Outgoing Chief Minister Mulayam Singh Yadav’s Samajwadi Party came second with 97 seats. Mr Yadav, a former defence minister, blamed the federal election commission for his defeat, saying the independent constitutional body had unfairly interfered with the elections. It appears, however, that the no-nonsense election body enabled by its stringent security arrangements a large number of Dalit voters to cast the ballot, unthinkable when upper caste landlords manage to have their way.

Ms Mayawati’s winning caste arithmetic included Brahmin and Muslim voters. This was the same combination that once worked for the Congress party, the difference being the Dalit hegemony of the BSP in the new coalition. The Congress had used Brahmin, Muslim and Dalit alliances too, but mostly under Brahmin leadership. In this sense the politics in Uttar Pradesh has come a full circle.

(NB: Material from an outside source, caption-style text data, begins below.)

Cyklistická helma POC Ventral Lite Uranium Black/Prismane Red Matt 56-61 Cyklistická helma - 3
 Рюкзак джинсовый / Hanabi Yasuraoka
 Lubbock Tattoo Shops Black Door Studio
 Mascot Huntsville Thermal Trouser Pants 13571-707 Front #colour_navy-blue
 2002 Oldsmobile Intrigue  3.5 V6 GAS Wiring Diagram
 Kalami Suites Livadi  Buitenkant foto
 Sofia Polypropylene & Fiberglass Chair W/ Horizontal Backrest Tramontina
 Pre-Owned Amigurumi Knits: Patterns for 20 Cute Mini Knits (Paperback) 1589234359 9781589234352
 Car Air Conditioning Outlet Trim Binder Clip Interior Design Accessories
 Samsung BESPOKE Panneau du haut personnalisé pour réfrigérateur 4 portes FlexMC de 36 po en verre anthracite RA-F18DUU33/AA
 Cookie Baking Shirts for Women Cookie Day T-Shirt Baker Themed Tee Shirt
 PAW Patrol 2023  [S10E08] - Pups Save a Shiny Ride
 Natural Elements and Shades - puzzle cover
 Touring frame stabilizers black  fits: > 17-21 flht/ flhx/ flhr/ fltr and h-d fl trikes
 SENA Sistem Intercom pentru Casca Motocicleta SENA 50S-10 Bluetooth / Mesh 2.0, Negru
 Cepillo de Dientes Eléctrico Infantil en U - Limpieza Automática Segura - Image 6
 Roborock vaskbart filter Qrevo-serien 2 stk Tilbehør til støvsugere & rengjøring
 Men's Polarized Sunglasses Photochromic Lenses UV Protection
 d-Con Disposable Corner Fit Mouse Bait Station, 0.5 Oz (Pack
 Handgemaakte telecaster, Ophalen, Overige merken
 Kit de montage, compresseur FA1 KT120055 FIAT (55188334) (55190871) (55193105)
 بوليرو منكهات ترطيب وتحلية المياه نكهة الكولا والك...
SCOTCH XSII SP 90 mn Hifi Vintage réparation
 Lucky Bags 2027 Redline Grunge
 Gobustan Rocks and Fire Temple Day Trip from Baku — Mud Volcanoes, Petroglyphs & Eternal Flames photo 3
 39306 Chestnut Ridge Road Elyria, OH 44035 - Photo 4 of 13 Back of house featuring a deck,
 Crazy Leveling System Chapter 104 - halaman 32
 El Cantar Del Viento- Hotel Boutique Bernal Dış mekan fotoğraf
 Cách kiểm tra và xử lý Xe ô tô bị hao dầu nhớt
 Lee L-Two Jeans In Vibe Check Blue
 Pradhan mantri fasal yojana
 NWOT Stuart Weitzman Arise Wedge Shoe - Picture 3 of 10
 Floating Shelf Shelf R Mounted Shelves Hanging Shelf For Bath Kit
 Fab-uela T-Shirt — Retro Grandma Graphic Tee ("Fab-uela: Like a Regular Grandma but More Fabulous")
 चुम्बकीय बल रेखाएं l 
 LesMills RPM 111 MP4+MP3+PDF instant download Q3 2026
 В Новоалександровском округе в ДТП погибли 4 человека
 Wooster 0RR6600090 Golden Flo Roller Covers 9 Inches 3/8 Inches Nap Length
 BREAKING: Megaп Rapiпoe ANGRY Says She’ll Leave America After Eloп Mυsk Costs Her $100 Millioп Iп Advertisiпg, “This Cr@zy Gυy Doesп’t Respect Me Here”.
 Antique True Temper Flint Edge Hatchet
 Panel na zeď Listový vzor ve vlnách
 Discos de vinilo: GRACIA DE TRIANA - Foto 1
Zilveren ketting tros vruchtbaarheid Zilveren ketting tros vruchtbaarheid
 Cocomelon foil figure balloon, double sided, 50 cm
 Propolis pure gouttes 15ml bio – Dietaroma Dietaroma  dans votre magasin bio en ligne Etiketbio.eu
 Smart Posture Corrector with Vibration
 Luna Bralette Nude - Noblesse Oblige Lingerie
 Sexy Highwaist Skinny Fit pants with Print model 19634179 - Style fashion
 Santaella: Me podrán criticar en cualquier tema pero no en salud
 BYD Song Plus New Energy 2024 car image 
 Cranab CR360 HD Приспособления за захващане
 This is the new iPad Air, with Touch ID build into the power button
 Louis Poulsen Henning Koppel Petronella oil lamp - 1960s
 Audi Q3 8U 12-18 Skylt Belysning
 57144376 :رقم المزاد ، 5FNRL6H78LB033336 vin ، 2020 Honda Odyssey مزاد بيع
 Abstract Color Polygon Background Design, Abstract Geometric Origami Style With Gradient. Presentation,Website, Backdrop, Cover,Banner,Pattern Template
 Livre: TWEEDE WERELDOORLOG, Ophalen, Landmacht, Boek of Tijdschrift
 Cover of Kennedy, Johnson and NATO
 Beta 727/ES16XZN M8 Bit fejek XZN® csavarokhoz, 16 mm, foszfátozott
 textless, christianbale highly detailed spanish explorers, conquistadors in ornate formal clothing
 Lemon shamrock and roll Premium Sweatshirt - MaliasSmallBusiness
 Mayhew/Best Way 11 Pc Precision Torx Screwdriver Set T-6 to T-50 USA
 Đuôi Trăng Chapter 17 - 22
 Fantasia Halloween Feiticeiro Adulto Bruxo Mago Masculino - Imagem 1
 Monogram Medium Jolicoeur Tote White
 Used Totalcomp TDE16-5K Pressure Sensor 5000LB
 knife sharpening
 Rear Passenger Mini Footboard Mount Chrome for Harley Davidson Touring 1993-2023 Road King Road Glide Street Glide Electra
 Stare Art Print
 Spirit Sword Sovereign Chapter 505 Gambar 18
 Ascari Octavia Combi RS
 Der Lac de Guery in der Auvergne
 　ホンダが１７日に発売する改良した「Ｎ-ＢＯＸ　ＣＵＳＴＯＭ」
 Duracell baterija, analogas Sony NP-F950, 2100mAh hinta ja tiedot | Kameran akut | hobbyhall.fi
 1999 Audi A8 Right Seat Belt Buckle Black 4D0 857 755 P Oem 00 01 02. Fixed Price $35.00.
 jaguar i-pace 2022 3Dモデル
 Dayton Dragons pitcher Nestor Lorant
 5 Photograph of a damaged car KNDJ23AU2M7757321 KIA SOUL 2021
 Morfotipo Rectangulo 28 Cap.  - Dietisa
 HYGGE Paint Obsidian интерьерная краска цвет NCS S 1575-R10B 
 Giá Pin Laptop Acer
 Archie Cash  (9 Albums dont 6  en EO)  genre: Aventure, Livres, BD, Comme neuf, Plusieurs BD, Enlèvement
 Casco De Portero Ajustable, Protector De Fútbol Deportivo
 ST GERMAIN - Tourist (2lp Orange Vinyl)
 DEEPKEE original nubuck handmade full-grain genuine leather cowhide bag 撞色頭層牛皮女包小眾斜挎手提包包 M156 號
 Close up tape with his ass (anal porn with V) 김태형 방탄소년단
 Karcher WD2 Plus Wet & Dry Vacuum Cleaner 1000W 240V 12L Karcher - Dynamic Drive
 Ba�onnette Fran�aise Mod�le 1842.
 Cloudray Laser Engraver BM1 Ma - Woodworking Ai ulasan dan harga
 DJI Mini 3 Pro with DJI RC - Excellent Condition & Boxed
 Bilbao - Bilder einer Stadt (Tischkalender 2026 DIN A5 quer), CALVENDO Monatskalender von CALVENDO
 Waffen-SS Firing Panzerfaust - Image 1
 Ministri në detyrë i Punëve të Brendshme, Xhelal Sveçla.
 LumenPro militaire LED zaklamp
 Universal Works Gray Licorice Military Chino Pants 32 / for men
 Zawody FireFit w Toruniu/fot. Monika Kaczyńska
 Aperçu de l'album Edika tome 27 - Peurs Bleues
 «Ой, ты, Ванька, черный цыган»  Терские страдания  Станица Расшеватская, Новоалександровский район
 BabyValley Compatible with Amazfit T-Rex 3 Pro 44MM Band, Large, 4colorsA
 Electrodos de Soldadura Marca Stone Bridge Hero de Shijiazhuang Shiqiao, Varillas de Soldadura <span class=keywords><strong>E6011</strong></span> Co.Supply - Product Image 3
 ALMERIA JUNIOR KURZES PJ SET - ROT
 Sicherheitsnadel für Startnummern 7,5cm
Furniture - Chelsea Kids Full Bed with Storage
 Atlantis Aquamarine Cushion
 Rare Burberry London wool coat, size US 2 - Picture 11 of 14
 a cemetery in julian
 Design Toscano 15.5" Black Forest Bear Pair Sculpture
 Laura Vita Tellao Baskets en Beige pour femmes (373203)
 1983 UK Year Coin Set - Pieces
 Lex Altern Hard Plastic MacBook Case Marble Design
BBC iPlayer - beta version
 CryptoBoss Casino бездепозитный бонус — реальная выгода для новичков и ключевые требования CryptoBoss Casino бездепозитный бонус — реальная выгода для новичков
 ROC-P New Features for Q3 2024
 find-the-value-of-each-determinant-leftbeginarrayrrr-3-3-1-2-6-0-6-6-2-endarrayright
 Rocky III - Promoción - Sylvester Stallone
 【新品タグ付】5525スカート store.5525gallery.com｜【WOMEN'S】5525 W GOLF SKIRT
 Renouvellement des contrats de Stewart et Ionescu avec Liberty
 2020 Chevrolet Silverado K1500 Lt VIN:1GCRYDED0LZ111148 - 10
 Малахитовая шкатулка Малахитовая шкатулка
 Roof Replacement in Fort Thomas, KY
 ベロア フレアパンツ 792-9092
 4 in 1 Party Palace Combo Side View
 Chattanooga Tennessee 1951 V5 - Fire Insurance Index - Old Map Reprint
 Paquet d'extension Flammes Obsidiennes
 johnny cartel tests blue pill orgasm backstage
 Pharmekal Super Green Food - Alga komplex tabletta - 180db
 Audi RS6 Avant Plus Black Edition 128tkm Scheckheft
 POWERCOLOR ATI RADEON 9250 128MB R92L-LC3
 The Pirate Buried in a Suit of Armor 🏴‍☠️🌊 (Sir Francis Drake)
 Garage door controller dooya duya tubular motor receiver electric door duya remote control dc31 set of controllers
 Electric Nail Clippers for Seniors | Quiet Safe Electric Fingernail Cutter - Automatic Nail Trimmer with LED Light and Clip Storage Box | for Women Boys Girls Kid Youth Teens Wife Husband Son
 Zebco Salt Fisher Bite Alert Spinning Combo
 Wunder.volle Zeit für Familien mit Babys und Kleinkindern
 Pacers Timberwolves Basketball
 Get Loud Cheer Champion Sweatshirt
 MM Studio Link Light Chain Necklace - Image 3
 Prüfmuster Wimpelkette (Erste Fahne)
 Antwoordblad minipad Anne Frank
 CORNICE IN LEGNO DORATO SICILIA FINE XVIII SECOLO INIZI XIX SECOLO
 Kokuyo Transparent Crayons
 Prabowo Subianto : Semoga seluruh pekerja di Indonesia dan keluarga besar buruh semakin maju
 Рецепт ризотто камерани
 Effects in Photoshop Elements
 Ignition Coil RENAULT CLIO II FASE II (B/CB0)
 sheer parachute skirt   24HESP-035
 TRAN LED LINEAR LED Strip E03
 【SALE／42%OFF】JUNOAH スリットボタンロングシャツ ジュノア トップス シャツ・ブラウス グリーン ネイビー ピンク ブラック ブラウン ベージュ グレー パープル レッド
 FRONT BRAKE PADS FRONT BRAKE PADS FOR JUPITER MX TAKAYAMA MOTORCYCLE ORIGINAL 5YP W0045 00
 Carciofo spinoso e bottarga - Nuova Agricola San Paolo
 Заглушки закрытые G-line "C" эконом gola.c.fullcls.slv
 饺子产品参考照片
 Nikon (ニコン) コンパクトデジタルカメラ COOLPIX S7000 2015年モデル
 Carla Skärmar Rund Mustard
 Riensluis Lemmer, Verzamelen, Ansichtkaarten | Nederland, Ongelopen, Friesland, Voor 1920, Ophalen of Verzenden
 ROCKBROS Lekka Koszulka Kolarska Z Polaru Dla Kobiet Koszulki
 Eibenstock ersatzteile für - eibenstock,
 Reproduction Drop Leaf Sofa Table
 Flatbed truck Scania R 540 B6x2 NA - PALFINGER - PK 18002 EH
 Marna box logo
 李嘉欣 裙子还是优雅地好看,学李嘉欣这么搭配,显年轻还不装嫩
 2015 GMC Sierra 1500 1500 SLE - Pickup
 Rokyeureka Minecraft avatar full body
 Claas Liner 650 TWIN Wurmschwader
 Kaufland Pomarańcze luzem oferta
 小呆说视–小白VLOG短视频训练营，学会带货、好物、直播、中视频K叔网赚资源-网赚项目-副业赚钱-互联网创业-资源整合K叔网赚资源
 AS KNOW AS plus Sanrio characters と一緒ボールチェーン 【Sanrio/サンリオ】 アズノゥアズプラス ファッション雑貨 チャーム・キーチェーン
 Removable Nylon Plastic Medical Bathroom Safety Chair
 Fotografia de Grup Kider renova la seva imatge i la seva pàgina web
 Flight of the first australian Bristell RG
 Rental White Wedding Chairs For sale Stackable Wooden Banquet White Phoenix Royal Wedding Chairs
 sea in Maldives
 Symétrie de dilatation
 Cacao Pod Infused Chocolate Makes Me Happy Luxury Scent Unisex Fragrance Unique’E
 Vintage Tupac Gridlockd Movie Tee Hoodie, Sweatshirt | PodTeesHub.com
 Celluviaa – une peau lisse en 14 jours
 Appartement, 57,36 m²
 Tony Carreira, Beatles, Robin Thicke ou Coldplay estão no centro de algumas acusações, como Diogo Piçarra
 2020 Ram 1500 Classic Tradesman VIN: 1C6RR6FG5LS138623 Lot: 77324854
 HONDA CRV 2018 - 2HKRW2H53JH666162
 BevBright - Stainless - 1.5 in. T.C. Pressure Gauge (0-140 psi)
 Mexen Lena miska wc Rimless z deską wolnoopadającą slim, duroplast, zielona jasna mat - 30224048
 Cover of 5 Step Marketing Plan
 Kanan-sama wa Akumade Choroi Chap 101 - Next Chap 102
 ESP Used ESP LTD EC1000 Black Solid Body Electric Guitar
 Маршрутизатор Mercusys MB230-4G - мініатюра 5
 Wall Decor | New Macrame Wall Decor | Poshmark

The country’s main opposition group, the Bharatiya Janata Party (BJP), was the biggest loser with 50 seats while the Congress fell three seats short of its tally in the 2002 polls when it won 25 seats.

Both the parties had sought to woo communal votes. The BJP began with an outrageous film it produced and distributed on CDs. It showed Pakistan as the source of mayhem and terrorism in India and Indian Muslims as bigots who tricked Hindu girls into marrying them. The CD was banned by the election commission following widespread protests. The BJP on Friday apologised for the CD.

The Congress’s pitch for the Hindu nationalist vote bank came in the form of a controversial assertion by its youth leader Rahul Gandhi, who claimed that his grandmother Indira Gandhi had broken Pakistan into two. Congress leaders expressed satisfaction that the verdict had ended the BJP’s recent winning streak.